Managing on-shelf availability is a significant component of waste prevention. Namely ensuring that short-dated stock sells first, and all stock sells before its sell-by date by providing availability, and assortment and merchandising all work in tandem with shelf-life. There has been the promise of data embedded barcodes or RFID as the long-term strategy for dealing with waste. Still, with only small-scale trials undertaken so far, there is a way to go before retailers can rely on this as a solution. 

With the shortest shelf-life and often sold unpackaged, fresh lines are arguably the most challenging category in ensuring on-shelf availability. Tackling this challenge is multifaceted and complex, but maintaining on-shelf availability requires stock replenishment systems to calculate the expected freshness of the product in-store so that new stock arrives in to store at the right time. This ‘assumed freshness' metric is fraught with error – caused by customers or e-commerce pickers selecting the freshest product at the back of the shelf, or as every seasoned retailer knows, the constant challenge of ensuring product rotation by stock replenishment colleagues.

As a result of forecasting error, mis-rotation, or lack of freshness checks, there can often be stock that customers are not willing to buy, at least not at the full retail price. One way to respond is to replenish with newer, fresher stock. Another robust response is to reduce the retail price to stoke demand and sell through the aging stock faster. The theory behind what discount to apply to a product varies widely between retailers and geographies. From the day-to-day whim of the colleague, to fixed markdown policies, all the way to optimized prices powered by advanced analytics. These decisions are at the heart of the delicate balance between on-shelf availability and waste. 

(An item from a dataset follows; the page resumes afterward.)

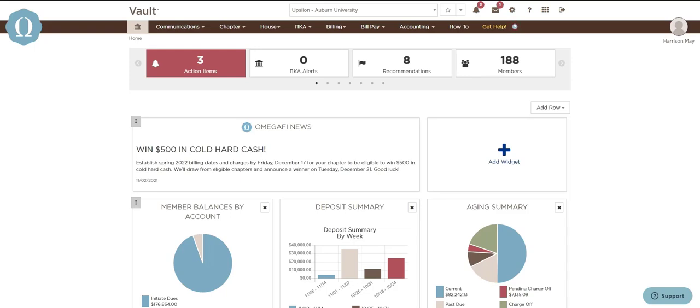The Vault homepage is completely customizable to only show you what you want to see. To customize your layout, select the Add Row feature and select the number of widgets you want to add.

An automated solution for on-shelf availability

Retailers can simultaneously maximize revenue and minimize waste, but to do so requires some of the decision-making to be automated and based on thousands of data points. Retailers that do this are developing a competitive advantage over those that rely on more traditional methods. In essence, both can work, but those that embrace operational optimization powered by analytics will win in the long run.